In Malaysia, Industrialised Building System (IBS) has been recognised as a potential

solution in improving the deliverables of construction projects. However, the

acceptance of this modern technology is still low. Most of the construction players

prefer the conventional construction method which leads to a longer duration, lower

productivity and poor quality of the building. The adoption of IBS requires systematic

project management to ensure the best output in improving construction deliverables.

Improper IBS project management can generate physical and non-physical waste in

the production and construction tasks. This research aimed to evaluate on how to

prevent waste and any types of loss during IBS construction by implementing lean

management. This research examined the relation between critical factors in

implementing lean management technique using the Interpretative Structural

Modelling (ISM) method. In establishing ISM model, 51 influencing factors in

implementing lean management based on lean construction key principles had been

identified throughout an extensive literature review. The results from questionnaire

survey identified 18 critical success factors for lean management adoption in IBS

application. For further investigation, semi-structured interviews were conducted to

collect the qualitative data for the critical factors. ISM analysis method was used to

study the association between each critical success factor. The initial model was

developed to promote the adoption of lean management technique in IBS construction.

Deeper ISM analysis established a Matrice d’Impacts Croisés Multiplication

Appliqués à un Classement (MICMAC).
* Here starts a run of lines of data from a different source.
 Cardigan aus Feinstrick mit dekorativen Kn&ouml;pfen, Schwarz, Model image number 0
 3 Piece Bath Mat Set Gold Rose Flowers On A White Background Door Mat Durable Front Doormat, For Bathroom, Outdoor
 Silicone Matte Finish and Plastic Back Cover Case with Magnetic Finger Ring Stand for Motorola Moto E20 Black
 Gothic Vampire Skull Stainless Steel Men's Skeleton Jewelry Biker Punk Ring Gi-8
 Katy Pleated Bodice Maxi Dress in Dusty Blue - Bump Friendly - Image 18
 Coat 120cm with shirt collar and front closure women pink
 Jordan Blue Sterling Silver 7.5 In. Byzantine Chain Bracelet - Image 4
The MICMAC results in this research

demonstrated that four important factors are categorised as Independent / Driving

factors namely ‘planning’, ‘educate labour’, ‘modularisation’, and ‘standardisation’.

These factors were explored in detail to drive the performance elements categorised in

Dependent factor which is ‘reduce production time’. The findings provide a model that

prioritised the critical success factors which lead to framework of lean management

application in IBS production.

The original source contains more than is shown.